Your job is to give again, exactly and with no additions, the lines in the records below from the one with "Coleção de 6 DVDs de terror e suspense" through the one with "BMW X5 xDrive45e", both included. Omit the pictures.

• PROVIDED MATERIAL:
#####

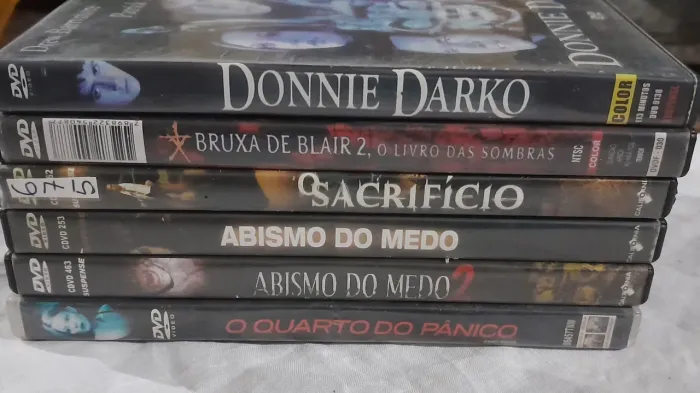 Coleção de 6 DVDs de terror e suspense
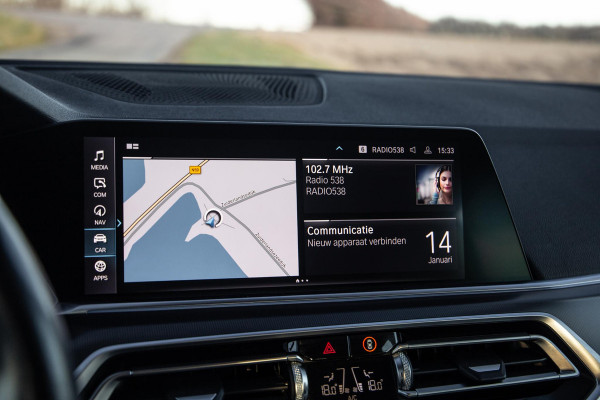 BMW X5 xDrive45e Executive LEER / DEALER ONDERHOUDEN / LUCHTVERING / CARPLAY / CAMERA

#####

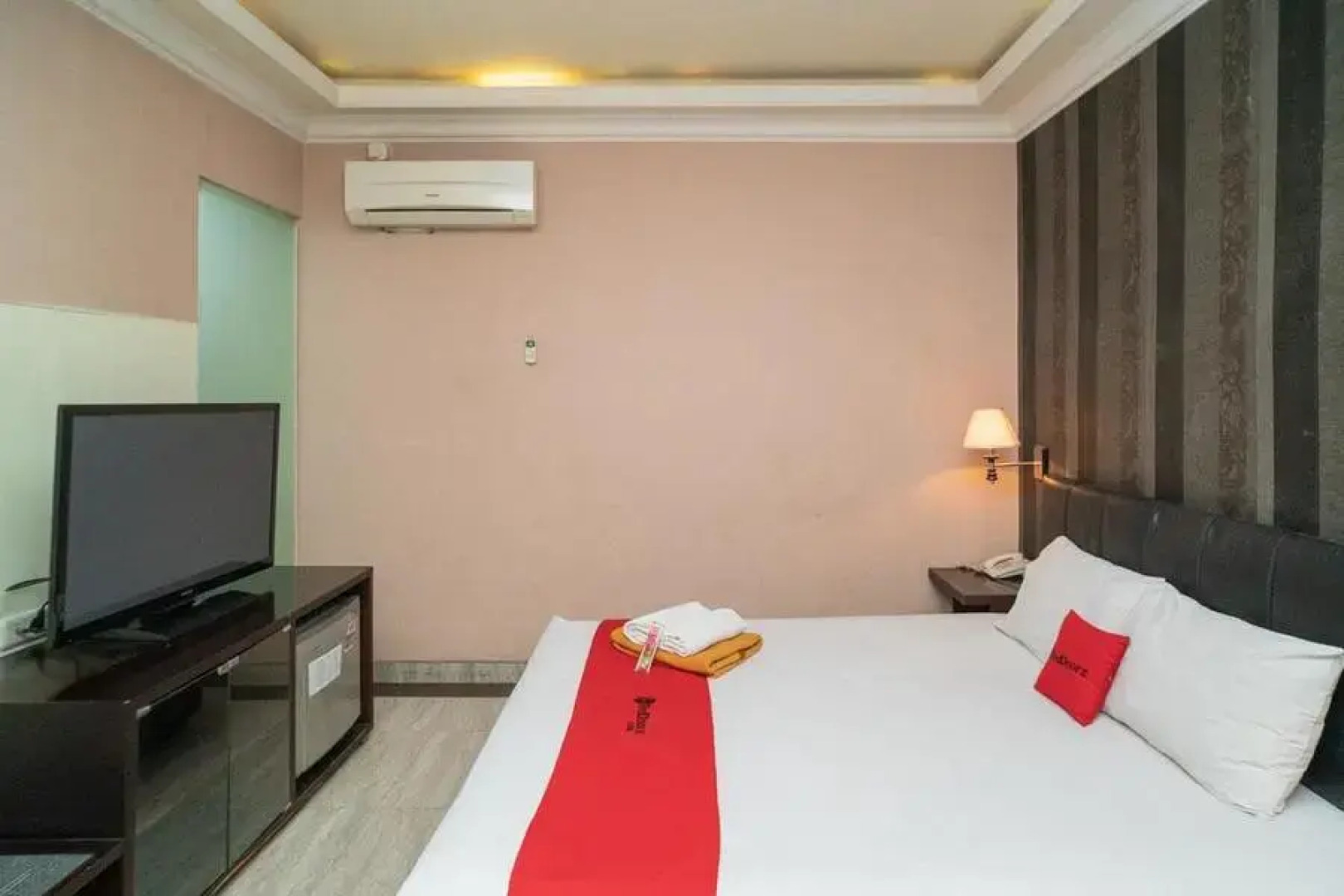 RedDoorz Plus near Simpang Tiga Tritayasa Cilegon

#####

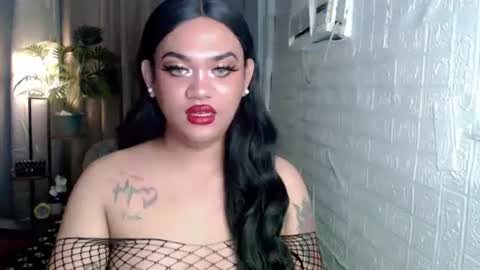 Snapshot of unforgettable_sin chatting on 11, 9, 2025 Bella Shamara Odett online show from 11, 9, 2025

#####

• ANSWER TO THIS TASK:
 Coleção de 6 DVDs de terror e suspense
 BMW X5 xDrive45e Executive LEER / DEALER ONDERHOUDEN / LUCHTVERING / CARPLAY / CAMERA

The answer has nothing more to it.